I heard a story recently that legendary Cowboys football coach Tom Landry used to tell his players. The message (and I paraphrase) is that “doing the things you don’t necessarily want to do five days a week prepares you to do your best at what you’ve wanted to do all your life.”
In Landry and his team’s case, the WANT was Sunday afternoon. Game time. That’s what the players lived and prepared for. Though our lives as leaders may be different than that of the millionaire pro athlete, we all can understand how so much of our life’s work is about behind-the-scenes effort. That’s the non-sexy, far-from-glamorous and exceedingly mundane preparation. Not appealing? Yes. But without it, we’re never going to be equipped to shine when the spotlight’s on.
This Sunday, the spotlight will be on the best of the best, competing on one of the biggest “stages” of their career during the Super Bowl. For these athletes, a Super Bowl win is the pinnacle achievement. Yet, for those 60 minutes of game time, endless hours, no, years have done into preparing the players on those two teams for what will equate to 12-13 minutes of action.
As a leader, how do you prepare for that pinnacle or pinnacle-worthy achievement? Treat every day as you would “interview day,” “board meeting day” or “strategic planning day.”
What are you doing that will ultimately make the company, your team, yourself shine? Are you working on a financial analysis for your department? Are you working to improve the culture dynamic? Each meeting or conversation or interaction is an opportunity to refine your form and practice technique.
Look at your professional development and education as the NFL athlete looks at nutrition. After all, you’re both putting these elements into your body to achieve top performance. In your case, fill your mind with journals and case studies. Give your attention to industry knowledge. Invest your time in networking and be present at conferences and seminars—all ingredients you can use to bulk up your leadership skills.
And, just as game film provides perspective for the pro athlete on his own performance or his competitors’ strengths and weaknesses, feedback is critical to provide leaders with much-needed perspective.

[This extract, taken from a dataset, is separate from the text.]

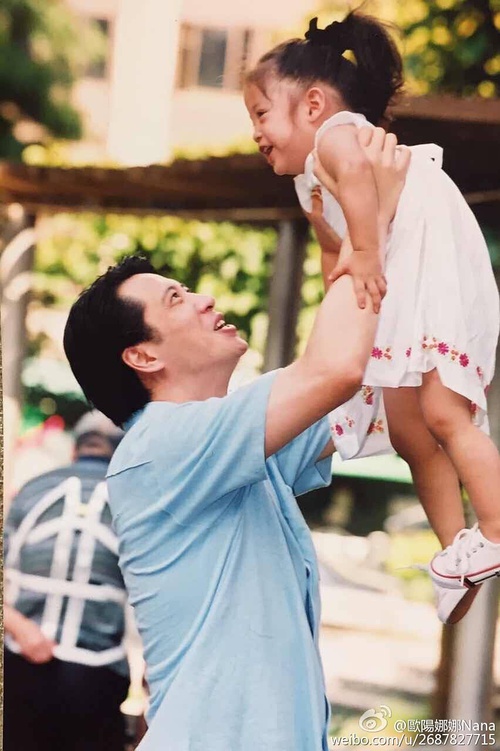 欧阳娜娜童年私照曝光,简直水蜜桃精转世,全身名牌这鞋太讲究了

Be proactive in seeking out conversations with your boss or mentors who can offer insight on your performance, traits and aptitudes. Listen to your peers, colleagues, supervisors and direct reports to understand how others perceive you. How does what you’re hearing from others stack up to your expectations for yourself? How does it compare to the cultural norm for your organization or industry?
The best leaders treat every day like training camp. How are you preparing yourself for the “Big Game”?